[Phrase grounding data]
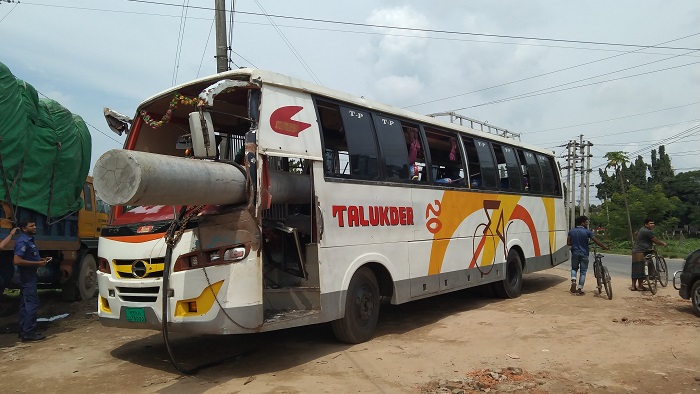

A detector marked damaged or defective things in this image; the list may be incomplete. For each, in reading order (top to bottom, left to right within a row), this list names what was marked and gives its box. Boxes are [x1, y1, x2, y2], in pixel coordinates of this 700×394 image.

crashed white bus [94, 68, 568, 344]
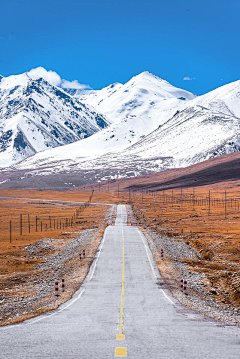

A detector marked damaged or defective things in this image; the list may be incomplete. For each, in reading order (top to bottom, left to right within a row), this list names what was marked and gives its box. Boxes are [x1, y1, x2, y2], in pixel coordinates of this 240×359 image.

crack in road surface [0, 204, 240, 358]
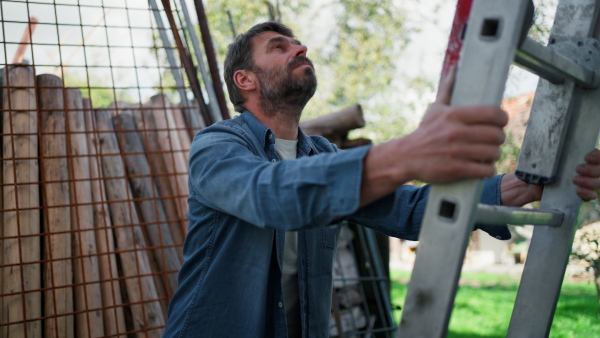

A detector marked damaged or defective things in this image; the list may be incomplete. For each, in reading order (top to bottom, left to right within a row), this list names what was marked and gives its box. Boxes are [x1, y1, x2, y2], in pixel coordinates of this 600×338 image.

rusty wire grid [0, 1, 216, 336]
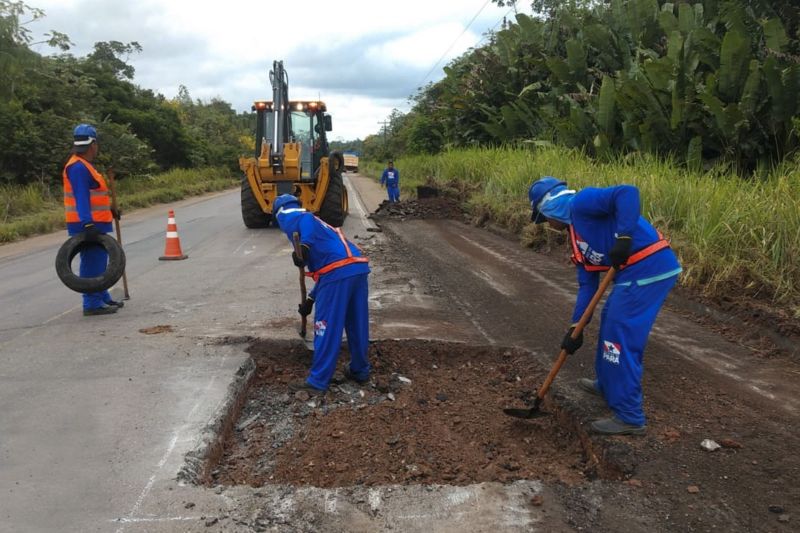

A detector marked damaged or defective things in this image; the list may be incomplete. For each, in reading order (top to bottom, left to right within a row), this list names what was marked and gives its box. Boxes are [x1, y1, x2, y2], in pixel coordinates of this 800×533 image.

pothole repair [200, 338, 600, 488]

YOUR OBJECTIVE: From the line containing "this 800×533 image." down to the last line of the data, transcribe every line exactly; nothing else should appear.

TASK ANSWER:
A detector marked damaged or defective things in this image; the list may be incomplete. For each, in reading order (top to bottom, left to right within a row), this list names what was marked and gives its box. Boxes are [x1, y1, x2, y2], in pixel coordinates of this 800×533 image.

pothole repair [200, 338, 600, 488]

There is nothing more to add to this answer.